So is there a support group for addicted cartographers out there!?

----------


## Sigurd

> So is there a support group for addicted cartographers out there!?



Yes and you already have the url....  :Cool: 


Sigurd

----------


## Kingbreaker

> Also I have messaged a bit with one the creators of Campaign Cartographer. Now I know why the anti-aliasing of CC3 is bad: they really haven't implemented any anti-aliasing. They had problems with the performance. So their advice is to create maps in Campaign Cartographer, but then resize them in other software. A bit of a shame, but now that I can export my maps in huge dimensions it's not a problem for me anymore.
> 
> Nomadic, I replied to your questions about CC3/CD3 in the software discussion thread.
> 
> Oh, my Concetron map was posted on Simon Roger's blog (the creator I was messaging with):
> http://simonjrogers.livejournal.com/
> He plugged the Cartographer's Guild for me 
> 
> And I got a guy that asked me if I was willing to a paid commission to create a map for him. That was quite a shock and totally unexpected. Even flattering I must say. But I had to turn him down. This is a hobby for me and I don't want to feel any pressure.


That's an awesome, deserved complement - but I understand why you want to "keep it a hobby." It is nice to have something you love doing stay that way!

----------


## Gandwarf

Well, I think got the hang of CD3 again and I started mapping Tweeberg (Twomountain). It's quite literally the gate to Sirilion and the southern part of my world. It's a large, heavily fortified town. Progress on this map will probably be slow...

----------


## Ascension

Aren't all cities slow going?  :Wink:   Looks like you're doing something a lil different but I like it...even if I can't really tell what it is.

----------


## Gandwarf

> Looks like you're doing something a lil different but I like it...even if I can't really tell what it is.


I am always trying out new stuff (mainly messing with the effects) so maybe it is that. Once the city is finished it will look a lot like my other city maps.

Oh, and I am very happy with my new computer. CD3 is a lot faster and although my biggest maps are slow to edit, they refuse to crash anymore. It's pretty cool, as in the Sirilion map for example I used to crash about 50% of the time as soon as I tried to scroll. I guess it was a processor/memory thing.

----------


## Gandwarf

And a small update. It looks like I still have some work to do  :Very Happy:

----------


## Nomadic

Can CD3 import images from elsewhere to use for terrain? If it does then I might just get it. It's great for building cities but its ability to display 3d terrain isn't all that good. If it can then I could use photoshop for the terrain and it for the house placement.

----------


## Gandwarf

Yes, you can import other images as background for example.

----------


## Gandwarf

I just updated the Sirilion map, but I put it in its own thread:
http://www.cartographersguild.com/sh...newpost&t=3155

----------


## Gandwarf

Next update, the city is finally getting into shape. Still loads to do, though.

----------


## Gandwarf

I snapped a quick screenshot of my progress. Most of the city itself is now finished. I just need to fill in the east. Then I have to decide what to do to the surrounding lands.

----------


## Gandwarf

Today was pretty productive. The city is about 80% finished I think. Larger version attached.

----------


## Mixpengo

You are too good, my friend, your cities are wonderful.
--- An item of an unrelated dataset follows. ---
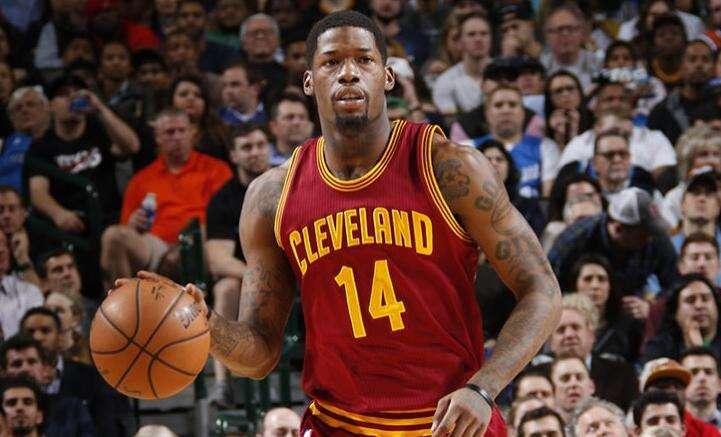 够快!热火秒签库里终结者,一年换6队用他怼詹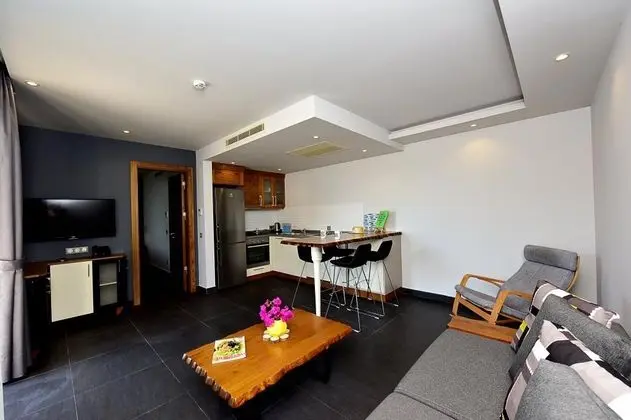 Studio, Bahçe Manzaralı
What size are you using for the map in City Designer 3? You know, at the beginning when you create a new map, the software is asking you the width / height in feet or meters.

----------


## Gandwarf

I mostly use the standard size, which is 1000x800 I think.
This map I started larger, at 2000x2000, but it wasn't needed. I cut away a lot of empty space.

----------


## Gandwarf

Well, here we go. The city is finished. I might redo the labeling in the future, but this is it for now. This was a pretty stressful map to finish and I had to push myself in the end. I think it turned out quite all right. I tried out some new things in the map, like an arena and cemetery. 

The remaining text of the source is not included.